Received from the Publisher 

From the BLURB:

'I pause to look around the hive - all the podlike chambers are lit up as the drones shoot up on memories ... I've wanted to get out of here before, but now the tight quarters start to choke me. There has to be more to death than this.'

Felicia Ward is dead. Trapped in a stark white afterlife limbo, she spends endless days replaying memories, of her family, friends, boyfriend ... and of the guy who broke her heart. The guy who has just broken into Level 2 to find her.

Felicia learns that a rebellion is brewing, and it seems she is the key. Suspended between heaven and earth, she must make a choice. Between two worlds, two lives and two loves.

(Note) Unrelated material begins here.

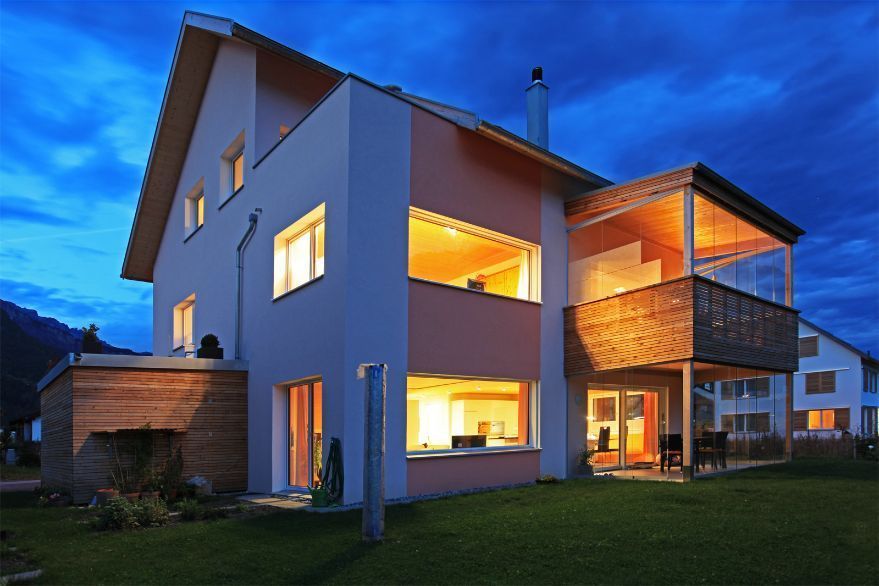 Ein großes Haus mit vielen Fenstern ist nachts beleuchtet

The wait for entry into Heaven is a long one, and those on Level 2 pass the time with memories. Memories of who they were and who they loved, childhood memories, good and painful memories. Family, travel, movies, books, playschool, pre-school, high school, first loves, first kiss, school camp, Greek mythology class, getting caught in the rain and eating a whole sundae. Memories are currency in Level 2 – but they’re also a way to remember and relive life.

Felicia Ward is stuck on Level 2, where she spends her days in a pod reliving her life through the memories she watches again and again. She was an army brat in life, so she has plenty of travel memories to share and win points with. But it’s the memories of Neil, her first love, that she spends the most time watching again and again and again. She has viewed Neil’s videos thousands of times, and now she wonders how long she has been on Level 2 and if Neil is dead too, and if she’ll be reunited with him in Heaven. 

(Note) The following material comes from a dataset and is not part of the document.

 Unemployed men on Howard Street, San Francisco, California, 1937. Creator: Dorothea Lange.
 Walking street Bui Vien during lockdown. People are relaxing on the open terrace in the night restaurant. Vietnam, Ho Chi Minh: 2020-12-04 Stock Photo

But one day a boy breaks into the all-girl Level 2. It is Julian, someone from Felicia’s past – a boy she despised in life but who holds a fascination in death, particularly because he comes crashing through Level 2 with talk of ‘escape’. But escape to where? Heaven or hell? 

‘Level 2’ is the first book in a new YA dystopian series called ‘The Memory Chronicles’, by debut author Lenore Appelhans.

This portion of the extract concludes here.